In order to obtain good straight and strong neutron beams for precise neutron diffraction measurements, nuclear reactors, proton accelerators or other large-scale neutron facilities are usually thought essential (Liss, 2017a ,b ; Argyriou & Allen, 2018 ). A huge budget is required to cover the establishment of the related hardware and software, the general maintenance, and the ordinary running costs. As a result, the number of available neutron beam instruments across the world is quite limited (Jansen et al., 2004 ). Though some rapid measurement platforms based on robotic sample-exchange systems (Hoshikawa et al., 2009 ; Reiche & Vogel, 2010 ; Brokmeier et al., 2011 ) have been attempted, acquiring the necessary neutron beam time is still highly competitive. If no progress is made in increasing the availability of neutron diffractometers, such high competition will continue for several decades because of the gradually increasing application needs. These applications may include averaged texture optimization for developing low-carbon strip-cast steels (Xu et al., 2006 ), heavy-gauge shipbuilding steel plates (Hase et al., 2016 ; Nishimura et al., 2007 ; Nishimura & Takeuchi, 2014 ), delayed fracture-resistant ultrahigh streel plates (Xu et al., 2019 ), lean duplex stainless steels with low Ni content (Takahashi et al., 2020 ) and other formable high-strength lightweight metallic materials. Moreover, high statistically averaged textures are also expected during the numerical simulation and process optimization for press-forming behavior of high-strength metallic materials (Delannay et al., 2006 ; Takamura et al., 2013 ; Choi et al., 2013 ; Hama et al., 2015 ). The research and development significance of alternative compact neutron sources has already been emphasized by the JFE Techno-Research Corporation (Sato et al., 2017 ), because, as a common measurement tool within manufacturing industries, the neutron diffraction technique will accelerate the innovation of steel production technology through various strong industry–academic community links.
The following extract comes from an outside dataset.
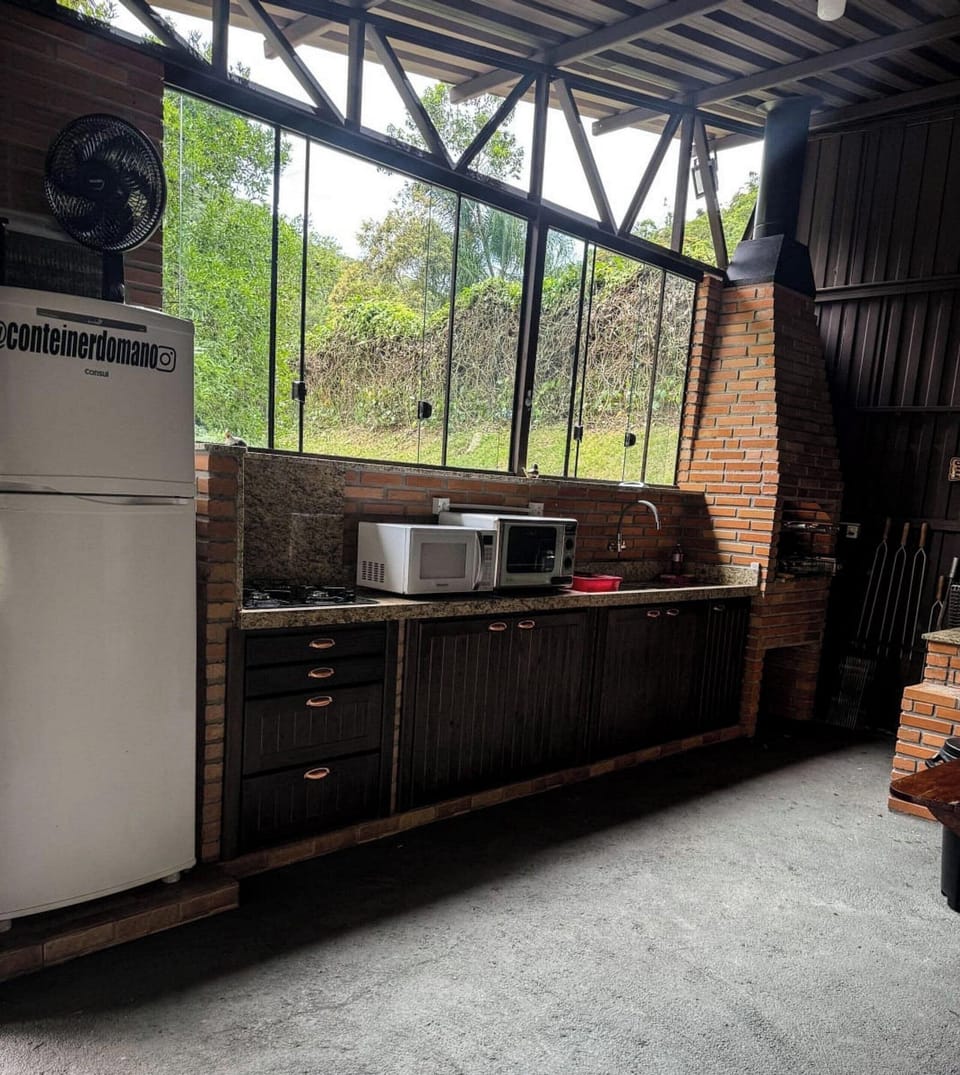 Family Cabin, Air conditioning, Lake View | Private kitchen | Microwave, cookware/dishes/utensils, dining tables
Fortunately, many compact neutron source facilities are being developed around the world (Anderson et al., 2016 ), and the Union for Compact Accelerator-Driven Neutron Sources has also been organized to promote technical information exchange about small accelerator-based neutron sources and related neutron scattering techniques. Compared with the large-scale neutron source facilities, these compact neutron source facilities (Anderson et al., 2016), such as the RIKEN accelerator-driven compact neutron source (RANS) (Yamagata et al., 2015 ; Otake et al., 2017 ; Otake, 2018a ,b $[Otake, Y. (2018b). Encyclopedia of Analytical Chemistry, edited by R. A. Meyers, Neutron Diffraction and Neutron Imaging with Compact Neutron Source. Chichester: John Wiley & Sons.]$ ) and the Jülich High-Brilliance Neutron Source (Rücker et al., 2016 ), usually have a shorter flight beam path, a larger beam divergence angle, a lower beam power output and higher background noise. Consequently, the most urgent technical problem is how to realize precise neutron diffraction measurements using a weak neutron beam facility.

Recently, RANS has been developed as an in-house multipurpose neutron facility for nondestructive inspection (Otake et al., 2017; Ikeda et al., 2017 ), steel corrosion imaging (Taketani et al., 2017 ) and the volume fraction analysis of retained austenite (Ikeda et al., 2016 , 2018 ). Because the texture optimization of advanced materials has attracted wider attention for better strength–ductility balance and functional performance, we have attempted to establish a neutron texture measurement environment at RANS through various technical optimizations. A well evaluated interstitial-free (IF) steel sheet sample (Xu et al., 2008 ) was employed here as a typical texture material for reference, and the reliability of the texture measurement was evaluated through carefully comparing the bulk textures obtained at RANS and two other well established time-of-flight neutron diffractometers. Such technical research was carried out to accelerate the establishment of other easily accessible techniques for evaluation of engineering materials using neutron diffraction and to promote the wider application of compact neutron diffraction techniques.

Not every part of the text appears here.